--- Provided data ---
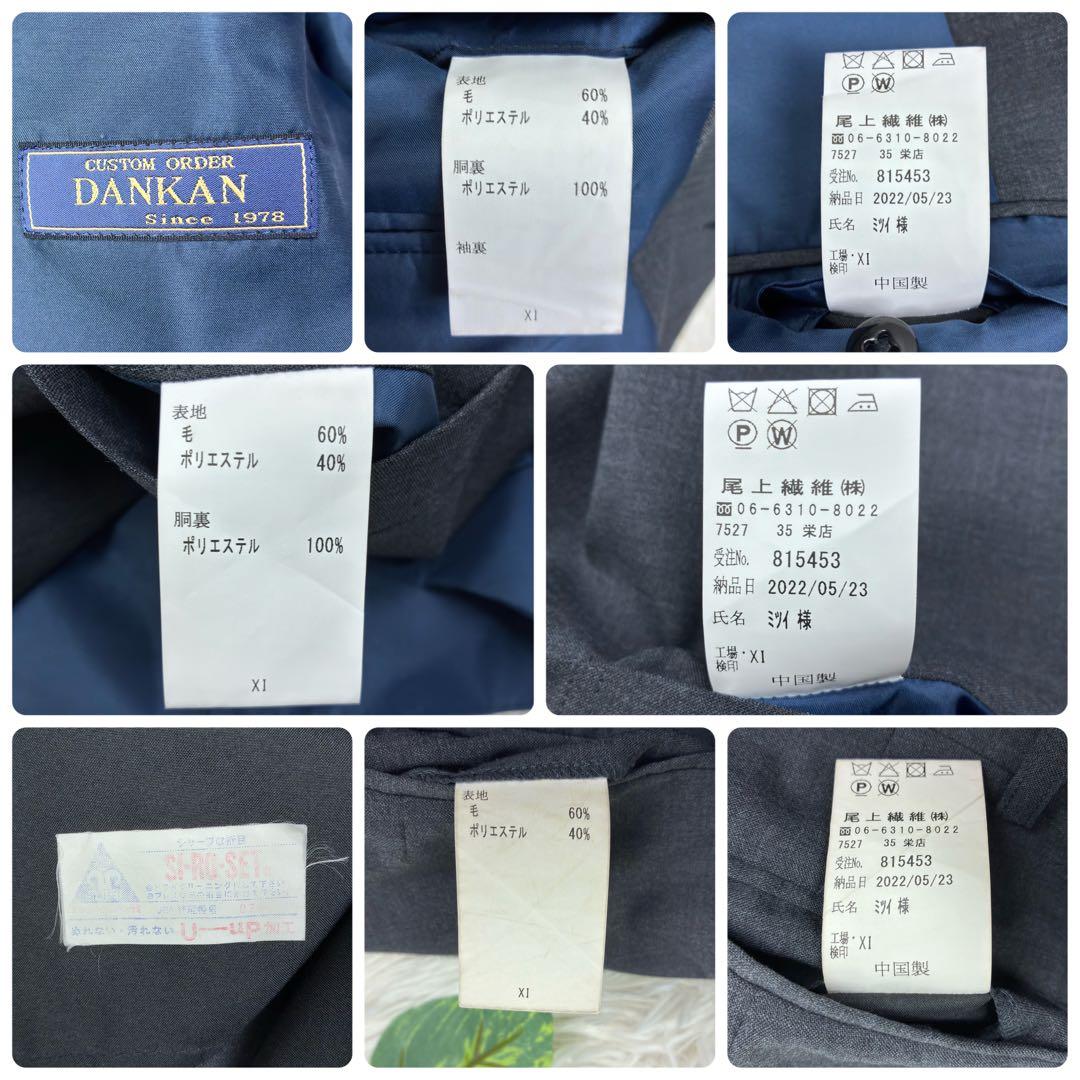 美品　DANKAN　３ピース　スーツセットアップ　オーダースーツ　2XL相当　灰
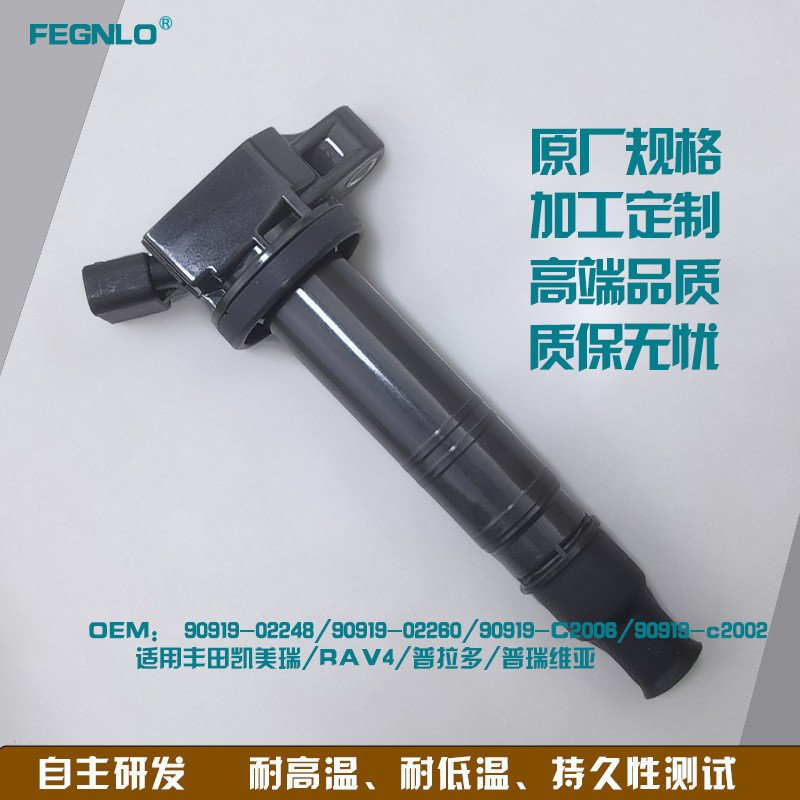 อุปทานพิเศษเหมาะสําหรับโตโยต้าคัมรี่ราฟ4ครอบงําคอยล์จุดระเบิดแพคเกจแรงดันสูง90919-02248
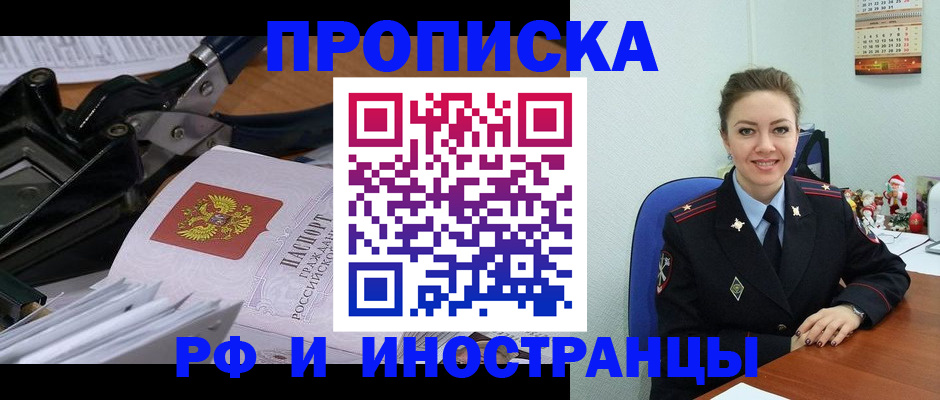 временная регистрация для всех в Луге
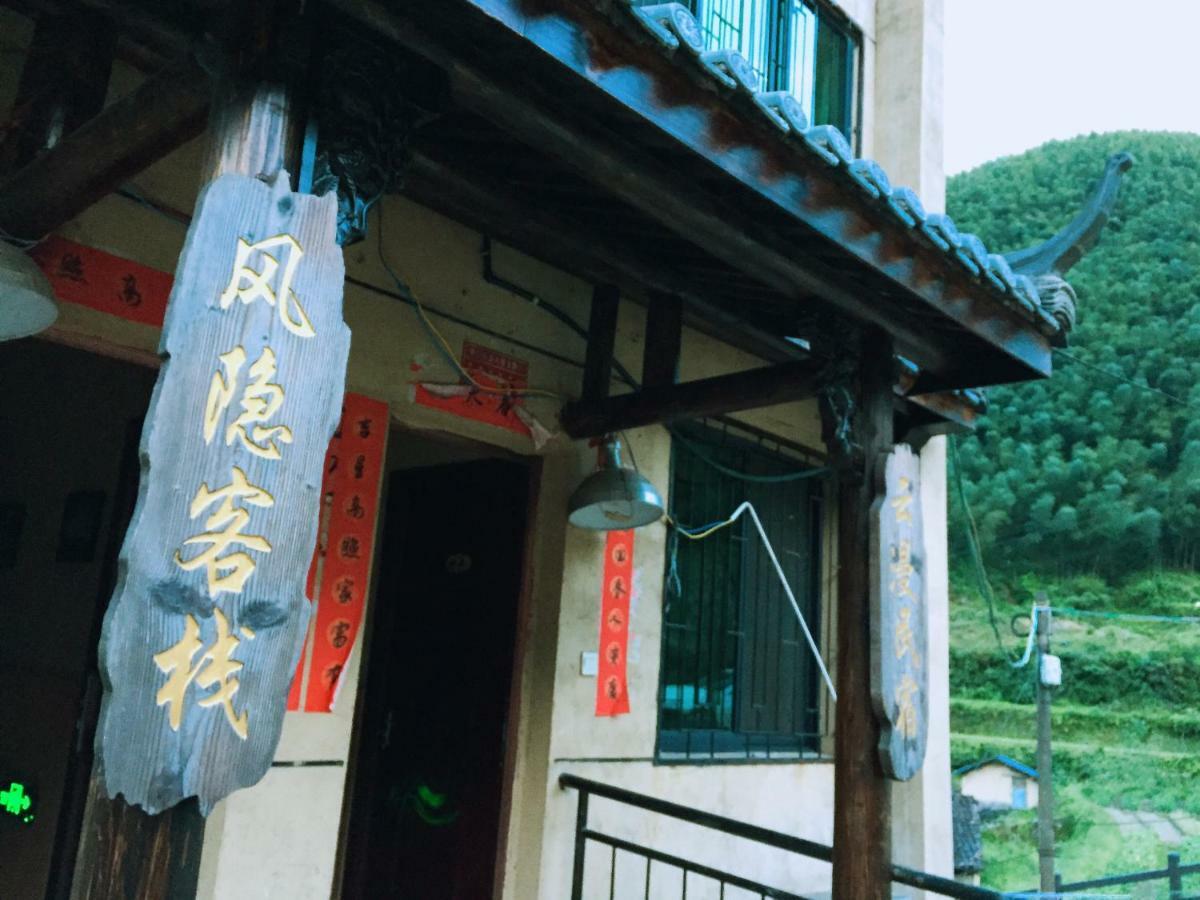 Yunhe Titian Fengyin Inn Экстерьер фото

--- Try it ---
All of the material above is to be copied exactly, except for its images.

--- Solution to this problem ---
 美品　DANKAN　３ピース　スーツセットアップ　オーダースーツ　2XL相当　灰
 อุปทานพิเศษเหมาะสําหรับโตโยต้าคัมรี่ราฟ4ครอบงําคอยล์จุดระเบิดแพคเกจแรงดันสูง90919-02248
 временная регистрация для всех в Луге
 Yunhe Titian Fengyin Inn Экстерьер фото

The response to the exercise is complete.